2 is a graph showing oxygen permeability according to relative humidity of EVOH (32 mol%, 44 mol%), nanocomposite, nylon-MXD6 and PET.

3 is a cross-sectional view of a composite resin layer forming a retort food storage container according to another embodiment of the present invention.

The present invention relates to a storage container for storing food such as beverages, and more particularly, to a retort food storage container having excellent heat resistance and oxygen barrier property.

In recent years, various forms of retort food are on the market. Generally, retort food is a processed and stored food made by sealing a processed food in a container and then heating and sterilizing it in a high-pressure heating sterilizer (retort) to preserve food for a long time in the air and light. Say

The conventional container made to contain a retort food has a multilayer film structure of which the outside is made of a thin film of polyester, the middle layer is aluminum foil, and the inside is made of a polyester film again. Trim, chop and season the ingredients into the container and automatically put it into a continuous charger and heat and seal. It is immediately cooled by heating and sterilizing at a temperature of 105 to 135 ° C. in a pressure sterilization and pressure cooling device.

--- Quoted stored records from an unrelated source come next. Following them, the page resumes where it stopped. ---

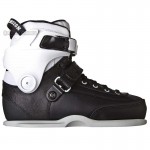 USD Carbon Free Powerblading Boots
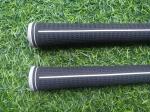 golf grip , golf grips , golf rubber grip , round grip , club iron grip , golf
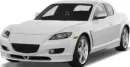 Mazda RX-8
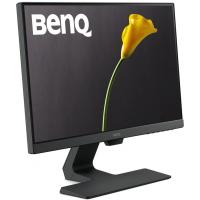 Монитор BenQ BL2283 Black (9H.LHSLA.TBE) изображение 2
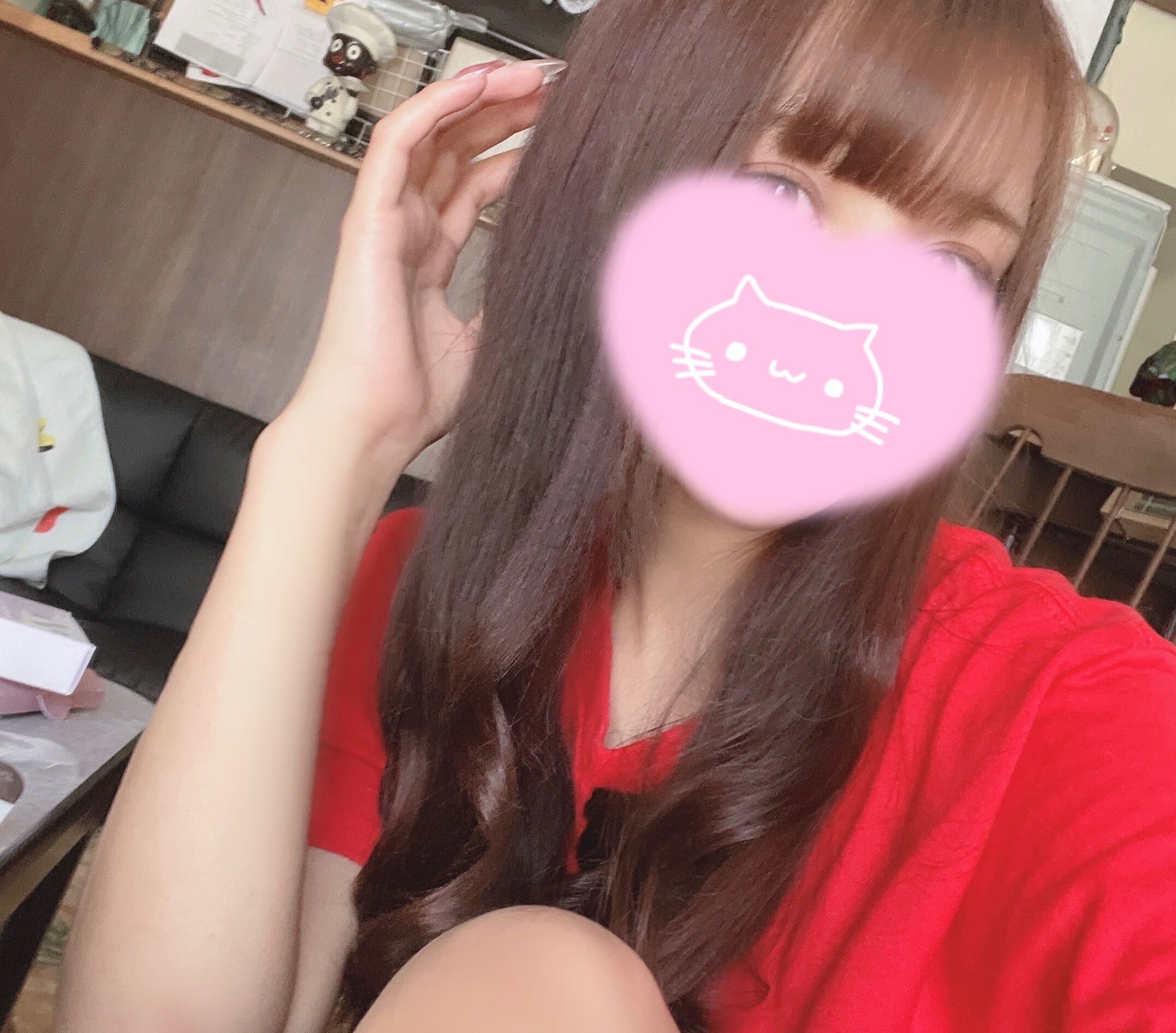 13時から&#9825;&#9825;7/14昨日もありがとう&#128158;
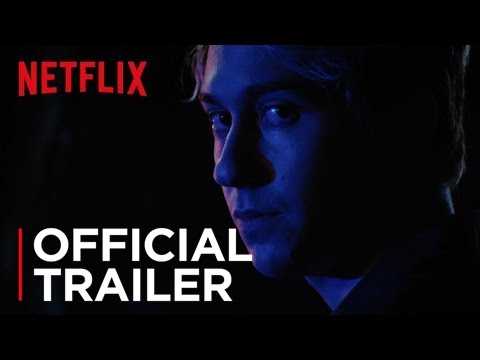 Death Note | Official Trailer [HD] | Netflix – YouTube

Containers for storing retort foods have to undergo a high temperature sterilization process, i.e., heating and sterilization, so high heat resistance is required. Polyethylene terephthalate (Poly Ethylene Therephtalate, PET) containers, which are generally used as food containers, are not suitable as retort containers due to their weak heat resistance. In order to replace this, a method of using polypropylene (PP) resin may be devised. However, in the case of the polypropylene resin, there is a limit in storing the retort food for a long time because of excellent heat resistance but poor oxygen barrier property.

The present invention has been made in view of the above-described conventional problems, and provides a retort food storage container capable of stably storing a retort food such as coffee, soy milk, and Sikhye for a long time with excellent heat resistance and oxygen barrier property.

A retort food storage container according to one aspect of the present invention includes a composite resin layer.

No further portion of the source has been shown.